In the 1960s, for instance, when Thelma Rowell studied the baboons in Uganda, the accepted idea was that they lived in a clear male dominance hierarchy, were extremely competitive, and were constantly fighting over food and females.
Yet Rowell found that baboon society was peaceful. Aggression was rare between males, and they rarely stole food from one another. This caused Rowell to conclude that baboon society was one of “active cooperation.” She even went so far as to say that dominance hierarchies only exist because the observer creates them.
We know that social friction exists in dogs and wolves. But is it really about dominance?

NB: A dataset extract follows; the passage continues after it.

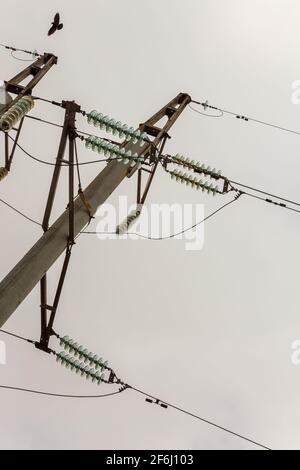 High voltage power line pole with glass electrical insulators on wires at cloudy weather, view from ground surface Stock Photo
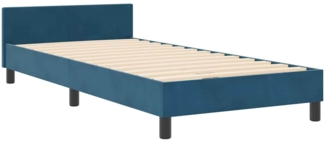 vidaXL Bettgestell mit Kopfteil Dunkelblau 100 x 200 cm Samt 3344859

I’m no scientist, but I think that’s a legitimate question.
Granted, the “data are there,” meaning that the dominance model has plenty of statistical numbers to back it up. The problem, if there is one, may be that statistics are often dependent on which behaviors the observer deems relevant, which may bring us back to gender semiotics.

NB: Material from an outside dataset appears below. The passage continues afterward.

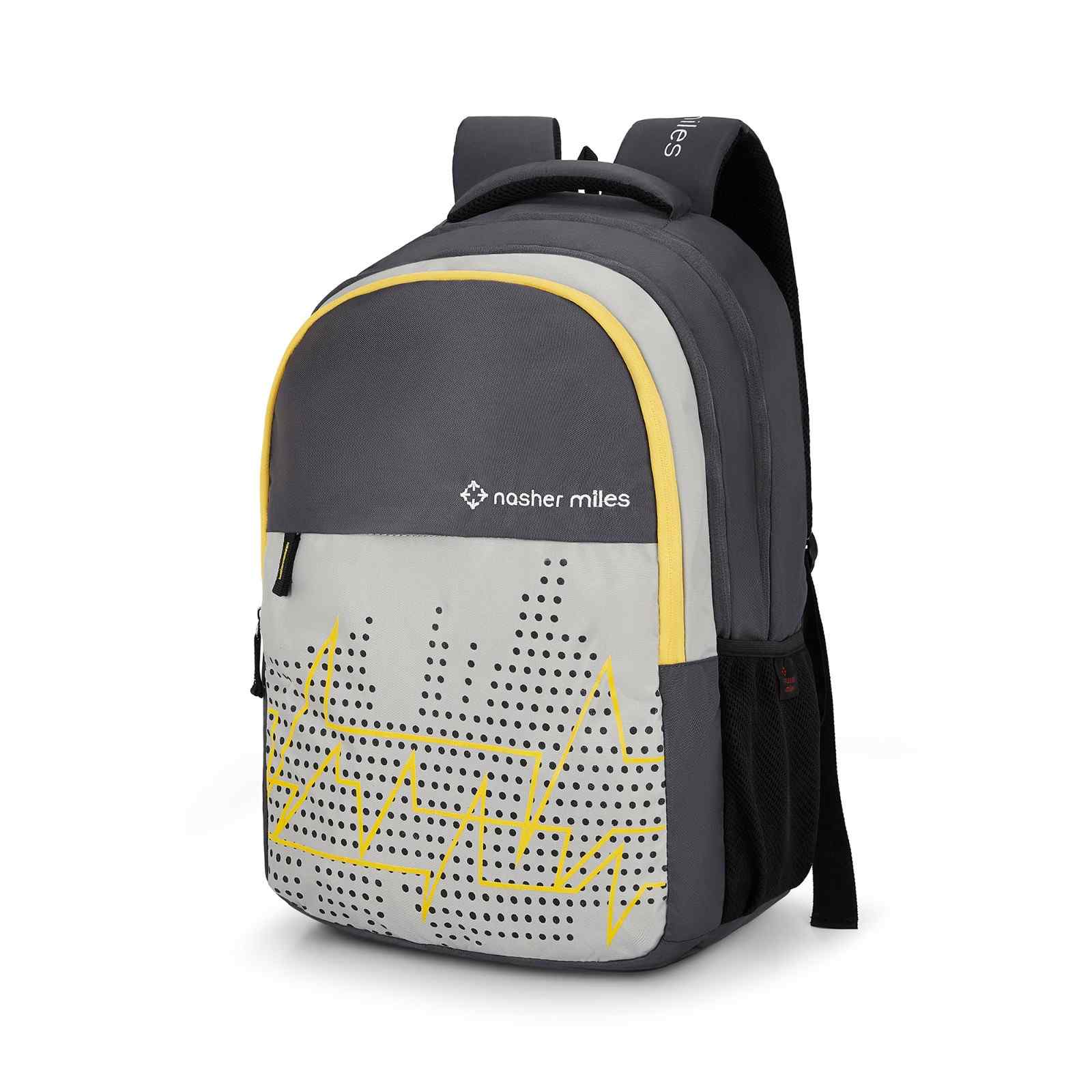 Grey Wave Design Multi-Compartment Laptop Backpack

Thelma Rowell writes, “A zoologist … must always return to the question of selective advantages. … It is so very obvious that monkeys enjoy being together that we take it for granted. But pleasure, like every other phenomenon in life, is subject to, and the result of, evolutionary pressure—we enjoy a thing because our ancestors survived better and left more viable offspring than their relations who did not enjoy (and so seek) comparable stimuli.” (Donna Haraway, 1978, p. 51.)
Following this line of reasoning—and operating on the principle that the wolf pack’s function is to hunt large, dangerous prey—what’s more important or more likely for success? A social structure built on dominance, aggression, and fear? Or one built on the pleasure of being in one another’s company, snuggling up when it’s cold, licking each other’s fur, playing with each other when you feel like it, all of which, over time, create feelings of harmony and cohesion rather than tension and divisiveness? (The pack would still exhibit the same structure, it would just be more of an affiliative heterarchy rather than a dominance hierarchy.4)
Would wolves define themselves by the occasional flare-ups that take place when environmental stressors increase social friction, or by the constant internal emotional pull they feel for the simple pleasure of being in one another’s company?
It’s hard to say. However, as a dog trainer my observations suggest that dogs would prefer to live in harmony with us, and with one another. I also know that in dogs, dominance is often a symptom of anxiety. When you reduce a dog’s anxiety, whatever dominance tendencies that dog supposedly had, simply disappear.
“Life Is an Adventure—Where Will Your Dog Take You?”
1) In her book Primate Paradigms: Sex Roles and Social Bonds, Linda Marie Fedigan defines a linear dominance hierarchy as “a straight-line rank ordering of animals drawn up by the researcher according to what the researcher perceives to be an animal’s relative abilities to intimidate, obstruct or control another’s bodily movements and thus win such conflicts or use resources first.” (94)
2) Some might argue that in wolf packs males perceive females as a resource rather than as rivals, so they make pains not to exert dominance over them, only over other males, but if that’s the case, then dominance isn’t a social behavior but a sexual one, a topic for another discussion at another time.
3) “Numerous observers among primatologists and science studies scholars have suggested that women observed differently. For some, women’s patience makes them ideal observers.” (“Culture and Gender Do Not Dissolve Into How Scientists ‘Read’ Nature: Thelma Rowell’s Heterodoxy,” Vinciane Despret, Dept of Philosophy, University of Liège, Belgium; 2009, p. 4.)
4) As its name implies a heterarchy derives its structure comes from differences in temperament. Following this idea, some pack members would be seen not as more dominant, necessarily, but more direct, while others aren’t necessarily submissive, they would just have a tendency to be indirect. These variations may very well be necessary for the pack to succeed during the hunt.